Vid. Cartas dos reis e dos infantes sobre varios assumptos tocantes ao mosteiro de Sancta Cruz de Coimbra, á Universidade, e a alguns Collegios das Ordens religiosas da mesma cidade, desde 1518 a 1571, em O Instituto, vol. 36, Coimbra, 1889, pp. 728-729.
O assunto foi retomado ultimamente pelo Dr. Mário Brandão, o qual criteriosa e eruditamente lhe dedicou as pp. 171-178 do livro que publicou em colaboração com o Dr. M. Lopes de Almeida sob o título : A Universidade de Coimbra. Esboço da sua história, Coimbra, 1927.
II (§ 4)
Esta oração de André de Resende foi recentemente reeditada pelo Dr. Luís de Matos, em Quatro orações latinas proferidas na Universidade e Colégio das Artes (Século XVI), Coimbra, 1937. O passo transcrito por Leitão Ferreira pode ler-se nesta edição, a p. 65.
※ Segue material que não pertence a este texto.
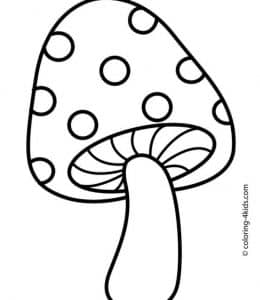 一起来画蘑菇！6张森林深处的可爱小蘑菇涂色简笔画！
Veja-se na nota imediata a crítica de Fr. Manuel do Cenáculo Vilasboas aos juízos de Resende.
III (§ 5)
SOBRE A «DECADÊNCIA» DA UNIVERSIDADE DE LISBOA NOS ANOS IMEDIATAMENTE ANTERIORES A 1537
Ao contrário das anteriores transferências da Universidade, que parece terem sido essencialmente mudanças de local, sem alterações profundas na estrutura ou na orgânica do ensino, a transferência de 1537 iniciou um período novo na história universitária e na da cultura científica.
Dentre as prováveis razões que decidiram D. João III a ordenar a transferência, Leitão Ferreira aponta neste parágrafo, como «muito verosimil» a «notavel e assas sensivel decadencia» em que a Universidade de Lisboa «se achava quasi já precipitada, sem aquela frequencia fervorosa de alumnos, que a deviaõ tornar esplendida... ».
Não precisou Leitão Ferreira o sentido e a extensão que atribuía ao termo decadência, pois é óbvio que ele tanto pode designar a diminuição da frequência escolar, como a exiguidade da atividade científica, ou ainda o concurso simultâneo destas duas significações.
Os documentos da Universidade de Lisboa, que até nós chegaram, não contêm os registos da matrícula escolar. É certo que por esta época era apreciável a emigração de estudantes portugueses, quase sempre bolseiros do rei ou das ordens monásticas, para universidades estrangeiras, sobretudo Paris; porém essa emigração, mais qualitativa que quantitativa, afetando particularmente, senão exclusivamente, os estudantes que se consagravam ao estudo da teologia, apenas privaria a Universidade de umas dezenas de alunos. A opinião de Leitão Ferreira, interpretada no primeiro sentido, não pode, pois, firmar-se objetivamente; e racionalmente, parece, pelo menos, exagerada.
A segunda significação foi eruditamente analisada por Fr. Manuel do Cenáculo Vilasboas, nos Cuidados Literarios do Prelado de Beja em graça do seu bispado, Lisboa, 1791, pp. 239-250, nos seguintes termos:
«Sirvão tambem as noticias que passo a escrever, ao desengano de ter havido naquelle tempo em o Reino letras e sabios de sam constituição e de muito credito. Se por ventura deixavão livre a opinião de melhorar a Universidade passando de Lisboa para Coimbra em quanto á materialidade do sitio mais socegado, e de mais cómmodas relações aos Provincianos concorrentes a estudar, com tudo nunca podia ser motivo a falsa e imaginada pobreza de literatura para a impertinente causa que muitos annos durou no Reinado de D. João III, sobre tomar-se arbitrio na fundação de huma Universidade, como se a de Lisboa não florecesse da maneira que acabamos de dizer, e vou repetir para lhe tirar a infamia.